We see no need to enter into any discussion of the failure of the RUTH LAKE to use her radar intelligently by plotting the course of the other vessel, although it would have been prudent to do so. It appears that, even without the course change by the FLYING FOAM, the crossing of the vessels would have been dangerously close, and it does not follow that the collision could necessarily have been averted to the extent of exonerating the RUTH LAKE from faulty navigation. We should also note that, at 0220, the lookout was called back from the bow of the RUTH LAKE and stationed on the wing of the bridge. Perhaps he could see better, and perhaps he could not, but at least he was 225 feet farther aft. These factors we would mention in detail if the controlling decision rested upon either point. However, with respect to the RUTH LAKE, we prefer to rest the judgment on immoderate speed and no fog signals, all with knowledge of the fact that another vessel was in the area of heavy water traffic. The fault of the FLYING FOAM is obviously clear in that, although fog signals were sounded, the speed was excessive with no operable radar, fog, and limited visibility, combined with a course change only 4 minutes prior to the collision, which change was not accompanied by any signal.

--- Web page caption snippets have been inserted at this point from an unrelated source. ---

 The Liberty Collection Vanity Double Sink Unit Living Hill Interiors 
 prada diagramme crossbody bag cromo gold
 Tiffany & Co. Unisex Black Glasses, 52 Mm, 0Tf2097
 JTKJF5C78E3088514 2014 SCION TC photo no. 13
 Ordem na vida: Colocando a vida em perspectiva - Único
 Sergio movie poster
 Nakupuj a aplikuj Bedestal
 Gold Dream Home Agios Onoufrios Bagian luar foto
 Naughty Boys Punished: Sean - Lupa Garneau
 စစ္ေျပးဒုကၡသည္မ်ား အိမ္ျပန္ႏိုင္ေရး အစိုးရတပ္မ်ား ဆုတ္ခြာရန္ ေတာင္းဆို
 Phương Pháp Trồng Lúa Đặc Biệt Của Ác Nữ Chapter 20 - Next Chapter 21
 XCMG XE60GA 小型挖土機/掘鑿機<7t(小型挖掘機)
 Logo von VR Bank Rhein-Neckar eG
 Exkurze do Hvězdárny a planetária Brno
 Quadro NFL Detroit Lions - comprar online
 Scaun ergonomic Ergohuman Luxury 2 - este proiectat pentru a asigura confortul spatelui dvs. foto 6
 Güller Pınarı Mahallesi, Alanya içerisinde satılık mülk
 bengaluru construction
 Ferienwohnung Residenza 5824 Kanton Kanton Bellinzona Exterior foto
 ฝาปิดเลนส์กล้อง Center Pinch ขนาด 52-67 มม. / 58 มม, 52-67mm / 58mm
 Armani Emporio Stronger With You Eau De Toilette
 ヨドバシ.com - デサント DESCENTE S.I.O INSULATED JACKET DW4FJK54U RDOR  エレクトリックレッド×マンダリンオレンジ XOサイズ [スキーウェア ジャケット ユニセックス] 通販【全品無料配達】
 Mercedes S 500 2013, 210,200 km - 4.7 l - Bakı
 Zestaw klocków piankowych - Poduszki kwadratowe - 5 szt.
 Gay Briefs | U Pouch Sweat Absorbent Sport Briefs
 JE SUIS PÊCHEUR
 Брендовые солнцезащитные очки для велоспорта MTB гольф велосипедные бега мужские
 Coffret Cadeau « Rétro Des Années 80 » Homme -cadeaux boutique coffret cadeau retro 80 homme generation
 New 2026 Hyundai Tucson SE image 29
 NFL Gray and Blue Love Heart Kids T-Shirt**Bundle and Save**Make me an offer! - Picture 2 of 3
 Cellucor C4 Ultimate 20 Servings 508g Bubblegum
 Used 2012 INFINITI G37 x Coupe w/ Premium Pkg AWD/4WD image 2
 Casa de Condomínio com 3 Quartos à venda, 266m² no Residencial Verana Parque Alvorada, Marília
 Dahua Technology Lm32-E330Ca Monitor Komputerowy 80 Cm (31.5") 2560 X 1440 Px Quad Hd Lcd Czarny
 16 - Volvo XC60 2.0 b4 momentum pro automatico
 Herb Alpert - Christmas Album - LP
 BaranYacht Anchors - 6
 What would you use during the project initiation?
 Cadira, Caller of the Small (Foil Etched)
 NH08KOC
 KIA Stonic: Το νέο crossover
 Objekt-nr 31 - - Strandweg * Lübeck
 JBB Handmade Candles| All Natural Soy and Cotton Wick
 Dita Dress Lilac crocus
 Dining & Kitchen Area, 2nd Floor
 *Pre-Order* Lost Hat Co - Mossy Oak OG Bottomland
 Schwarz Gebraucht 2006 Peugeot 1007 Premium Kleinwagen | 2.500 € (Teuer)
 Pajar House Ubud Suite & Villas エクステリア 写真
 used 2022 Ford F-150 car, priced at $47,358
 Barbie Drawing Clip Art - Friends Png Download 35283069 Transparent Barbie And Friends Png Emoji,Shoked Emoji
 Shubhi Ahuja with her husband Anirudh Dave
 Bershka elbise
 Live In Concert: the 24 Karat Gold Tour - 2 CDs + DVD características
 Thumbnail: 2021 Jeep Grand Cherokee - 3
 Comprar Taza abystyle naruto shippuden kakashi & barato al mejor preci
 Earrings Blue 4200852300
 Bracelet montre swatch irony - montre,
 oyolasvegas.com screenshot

We know, of course, that the "visible distance" rule of "moderate speed" should not be applied blindly, but where there is knowledge, either actual or constructive, of the presence of other vessels in the vicinity -- actual knowledge of the RUTH LAKE and constructive knowledge of the FLYING FOAM -- with the limited visibility here shown, the speed may well be immoderate regardless of whether the "visible distance" test of moderate speed is applicable or not. Gertrude Parker, Inc. v. Abrams, 178 F.2d 259, 264 (1 Cir. 1949).
A decree may be presented dividing the damages and referring the matter to a commissioner for an appropriate reference, allowing a reasonable time, not exceeding 120 days, for the parties to attempt to agree upon the total damage.
1. Captain Ling testified that the gross tonnage was 21,156.14. The post-trial brief of the RUTH LAKE refers to 31,157 gross tons. While we deem the point immaterial, we accept Captain Ling's testimony and assume that counsel are in error.